Did that sound bitter? It is. There is little in this terrible story of corporate ineptitude and corruption that wasn’t known and understood decades ago. Yet here we are again.
- G.M. management. It pursued the policy of paying large settlements with confidentiality agreements to those injured by ignition switch defects in their cars, never fixing the defect itself. This is the old Pinto calculation, reasoning that if it is cheaper to pay for the deaths and injuries from a design defect than to fix the defect itself, then it makes good business sense to keep doing that, indefinitely. There are three problems with this logic, of course. First, it kills people. Second, it is stupid: eventually the facts will get out, and the whole company will be endangered. Third, it is wrong.
- The plaintiffs’ attorneys. The trial lawyers association, way back when I worked for it two decades ago, adopted the unofficial position that the practice of accepting settlements from large corporations in product liability cases that included agreements not to reveal the damages and the defects involved to regulators, the news media, and endangered consumers was unethical. Members were urged to make a rejection of such terms a condition of agreeing to represent injured parties. Speeches were given, pledges were made. All agreed that the practice undermined the mission of the plaintiffs’ bar to make America safer through the civil justice system. What happened? Greed, that’s what. Just as every plaintiff has a price, so do many trial attorneys, who received up to 40% of those secret settlements. Every single one of the lawyers who guided their clients to accepting hush money in exchange for letting unsuspecting owners of G.M. cars risk their lives and those of their families were members of the American Association for Justice, which changed its name from the Association of Trial Lawyers of America because a survey showed the term “trial lawyers” was too negative. This is why the term is negative.
- The secret settlement recipients. These were parties who had been injured by an automobile design defect, and knowingly accepted money to allow General Motors to continue selling potentially deadly cars to unsuspecting consumers just like them. Those with ethical lawyers had this explained to them, as well as why joining in a conspiracy to keep the defects secret was irresponsible, cruel, and wrong. Yet everybody took the money. You can list the rationalizations as easily as I can: “I have to think of my family,” “They would do the same if they were in my position,” “This isn’t my fault.” Garbage. Blood is on their hands.

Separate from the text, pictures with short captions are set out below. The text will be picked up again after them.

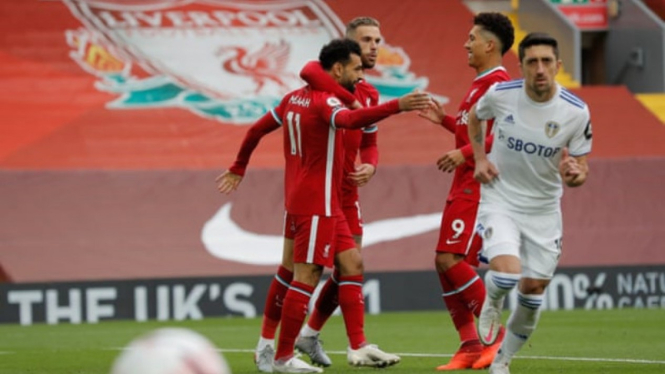 Winger Liverpool, Mohamed Salah, merayakan gol ke gawang Leeds United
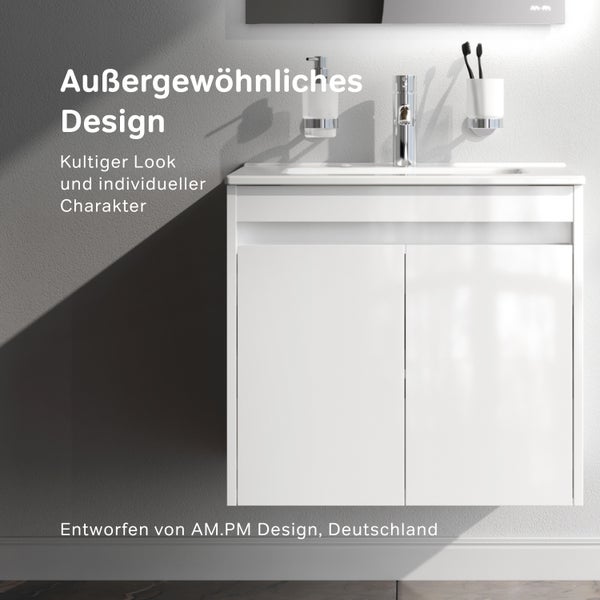 Moderner Waschbeckenunterschrank mit glänzenden Fronten und Armatur, inklusive Seifenspender und Zahnputzbecher an der Wand.
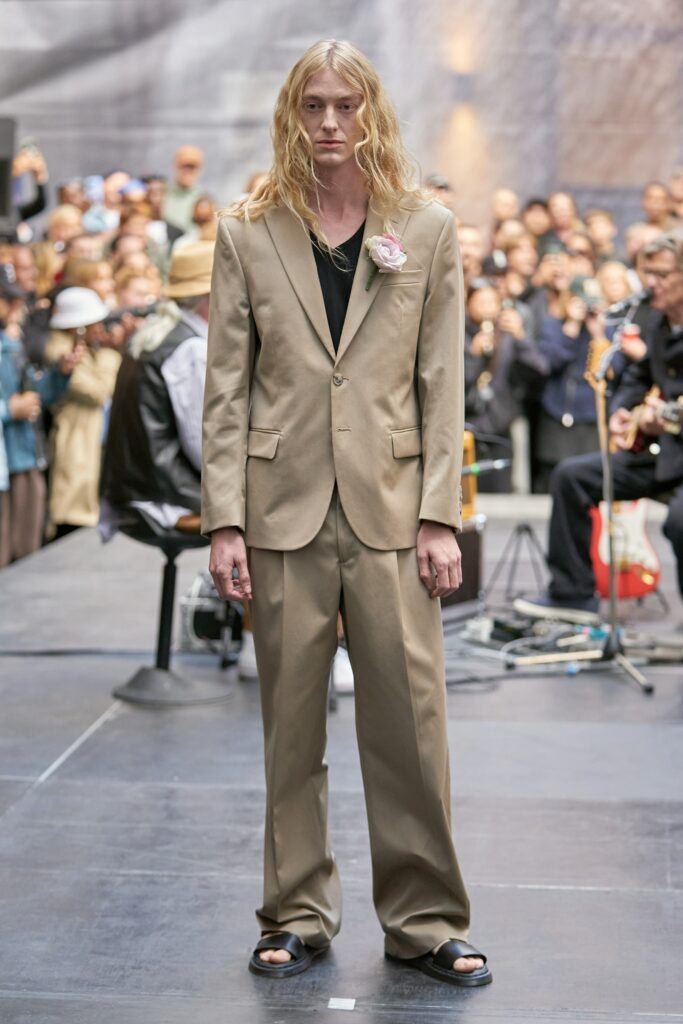 A relaxed beige suit with a collared long-sleeve shirt and straight-leg trousers.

- Complicit judges. They agreed to seal G.M.’s secret settlements as a matter of course. They didn’t have to. They are supposed to act in the public’s interest, not the interests of venal plaintiffs and amoral companies. “Concealment can kill, and so can secret settlements,” said Senator Richard Blumenthal (D-Del), who is trying to get a law passed that would force judges to refuse requests to seal settlements like these. “By sealing court records of lawsuit settlements that show serious safety defects, judges are aiding and abetting more deaths, injuries and danger.” Correct. But we shouldn’t need a law to tell judges they shouldn’t help companies kill Americans for profit.
- The American Bar Association. It has not only done nothing to stop confidentiality agreements, knowing full well the damage they do, it has lobbied to block legislation making secret settlements illegal. Why? See: 40% cut of settlement money referenced above. Of course, the official ABA line is that blocking such deals would make settlements harder to agree upon, thus over-burdening the court system.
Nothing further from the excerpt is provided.